How can β-blockers cause bradycardia?

The negative chronotropic effect of β-blockers mean that a degree of sinus bradycardia can be expected with β-blockers.

When might this be harmful?

In conditions where the heart rate is already low (e.g. sick sinus syndrome) β-blockers are contraindicated as they could induce the development of dangerous bradyarrhythmias or sinus arrest.

Also, because β-blockers slow conduction through the AV node, they are also contraindicated in patient's with conduction disorders (e.g. 2nd-3rd degree heart block) and in patient's taking other drugs that slow AV nodal conduction (e.g. verapamil).

Chronic hyperglycaemia

β2-receptors are found in pancreatic β-cells. When activated they facilitate the release of insulin, helping to lower blood glucose. Studies have shown that β-blockers (particularly those which are non-selective) chronically increase blood glucose by up to 28% leading to poor diabetic control.

Reduced hypoglycaemic awareness

When patients with insulin-dependent diabetes develop hypoglycaemia, they often become aware of this because the physiological response to low blood glucose is to increase sympathetic drive and with this comes physical manifestations such as sweating and tachycardia.

β-blockers inhibit this sympathetic drive and mask the symptoms that present with hypoglycaemia causing patients to lose their hypoglycaemic awareness. This is extremely dangerous as it means patients can not acutely manage their hypoglycaemia by consuming carbohydrates ASAP.

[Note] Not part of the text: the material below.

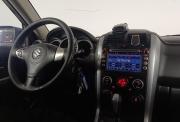 Suzuki Grand Vitara II Рестайлинг 2 Волгоград  - изображение 33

β1 selective blockers are preferable in diabetes. This is because recovery from hypoglycaemia is determined partly by the rate of glucose production in the liver, which is mediated by β2 receptors.

It may seem counter-intuitive that β-blockers, which are a mainstay in the long-term management of chronic heart failure, can be contraindicated in heart failure...

How can β-blockers cause decompensation of heart failure?

In patients with compensated heart failure (i.e. where the heart is able to maintain sufficient cardiac output to prevent complications such as pulmonary oedema), β-blockers are therapeutic by reducing chronic sympathetic activation which worsens heart failure prognosis.

In patients with decompensated heart failure, sympathetic activation is key in maintaining some cardiac output. Therefore the cardiac depressing effect of β-blockers can worsen symptoms, and could push patients with borderline compensation into acute decompensated heart failure.

Many patients on β-blockers will complain of sleep-disturbance and unpleasant dreams. The exact mechanism behind this is unclear.

How can β-blockers cause insomnia?

Melatonin is a hormone that is essential in the regulation of sleep and wakefulness. At night, melatonin is produced in the pineal gland. In this process, noradrenaline binds to pineal β-receptors and this facilitates the conversion of serotonin into melatonin. β-blockers decrease nocturnal production of melatonin and this could increase the risk of insomnia.